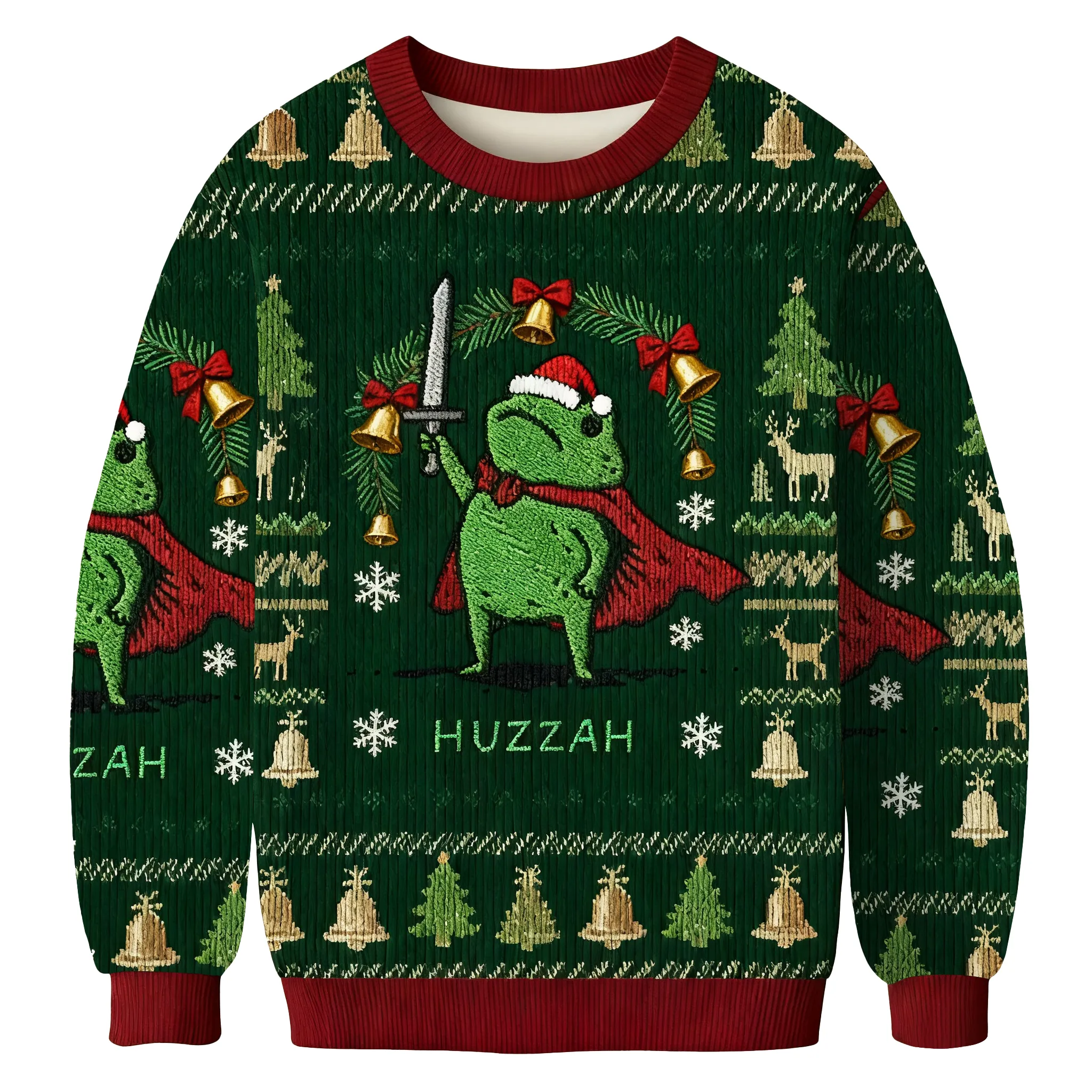 Huzzah Frog With Sword Funny Ugly Sweater, Ugly Xmas Sweater, Christmas Ugly Sweatshirt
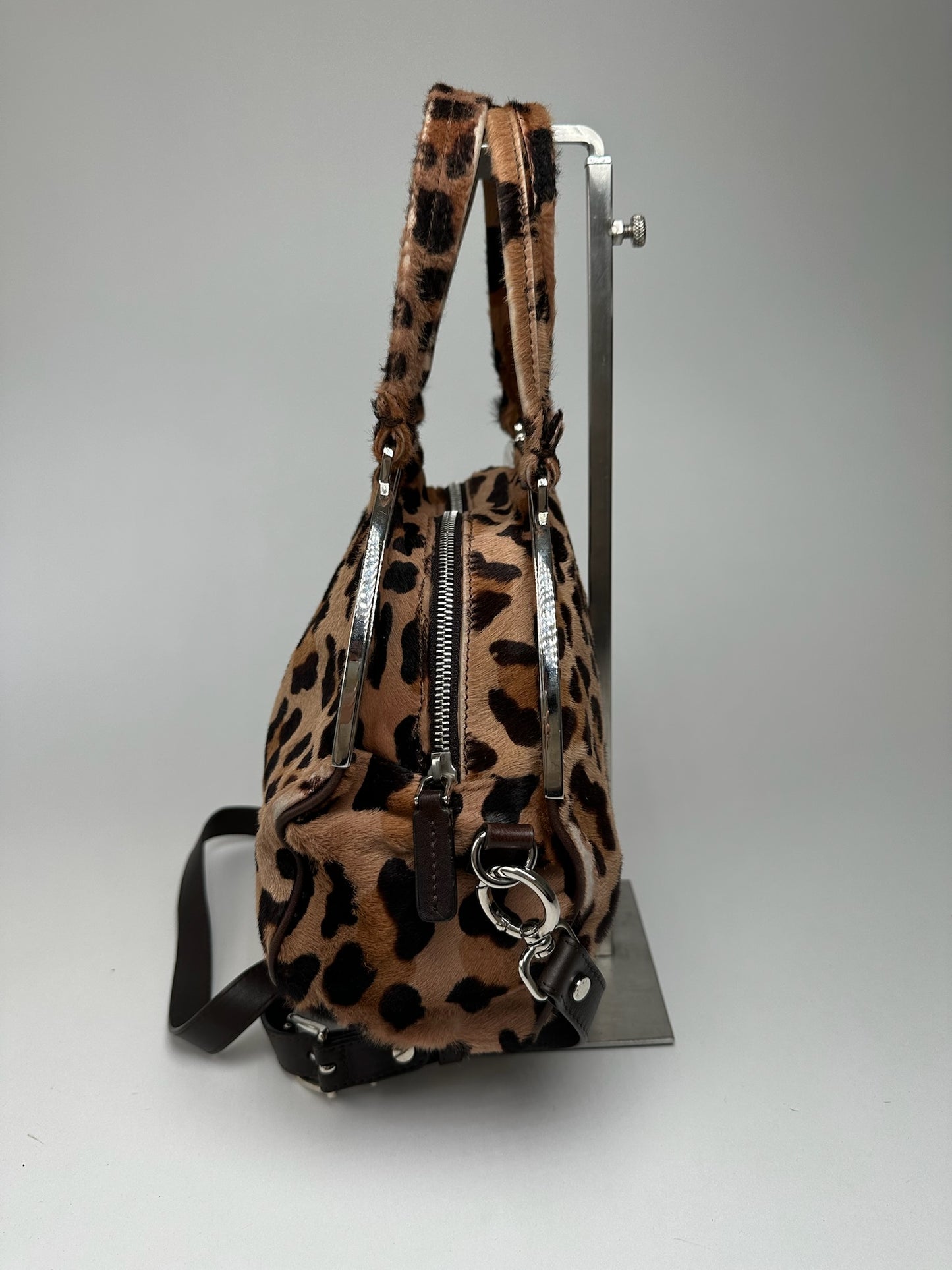 Vintage Marni Leopard fur 2way bag brown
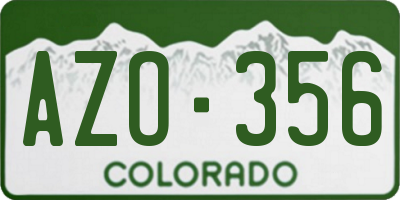 CO license plate AZO356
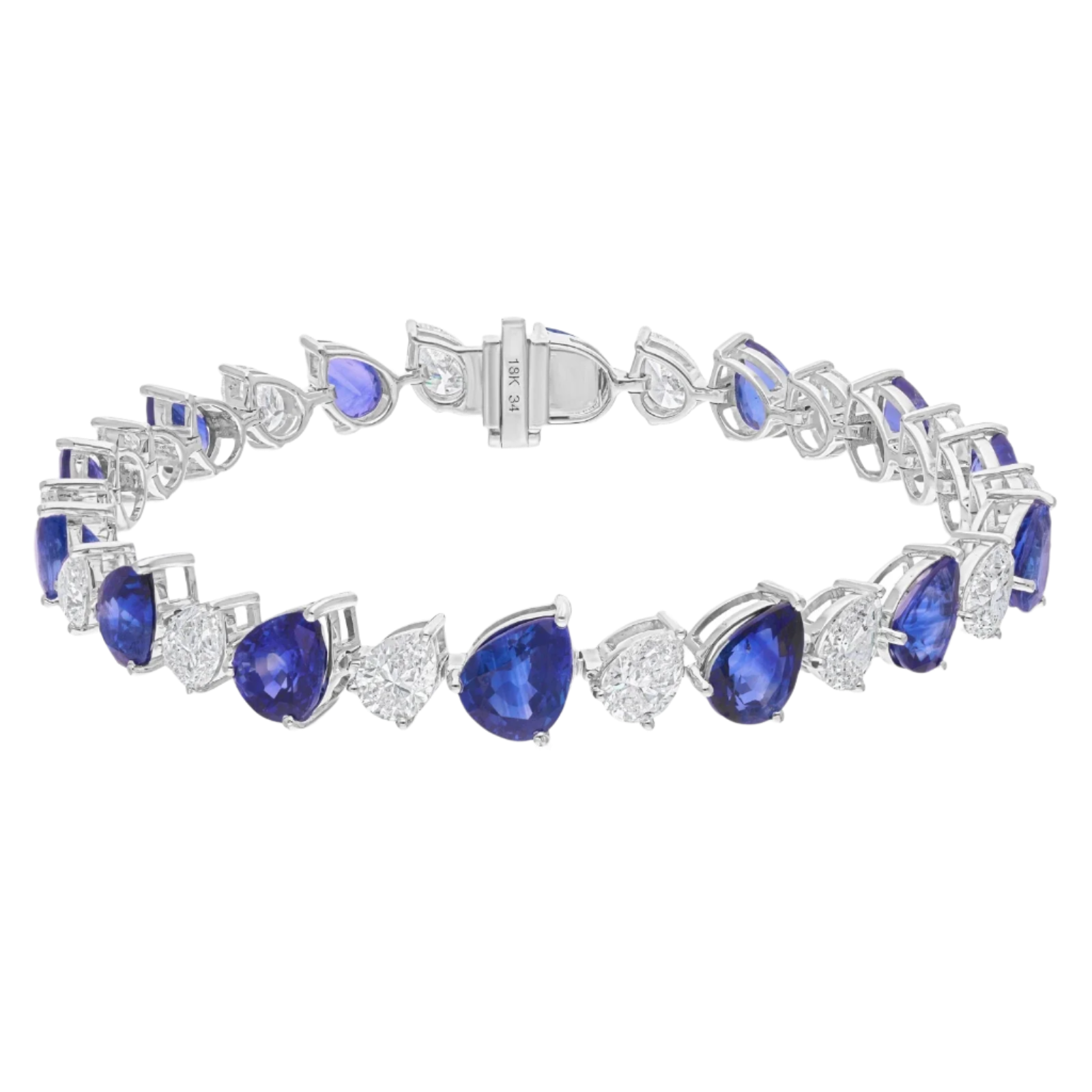 18k Solid White Gold Pear-Shaped Blue Sapphire and Diamond Bracelet 21.75 CTW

########################################

◆ Assignment
Copy the listing exactly. Any image in it stays out of the copy.

◆ Result for this task
 Huzzah Frog With Sword Funny Ugly Sweater, Ugly Xmas Sweater, Christmas Ugly Sweatshirt
 Vintage Marni Leopard fur 2way bag brown
 CO license plate AZO356
 18k Solid White Gold Pear-Shaped Blue Sapphire and Diamond Bracelet 21.75 CTW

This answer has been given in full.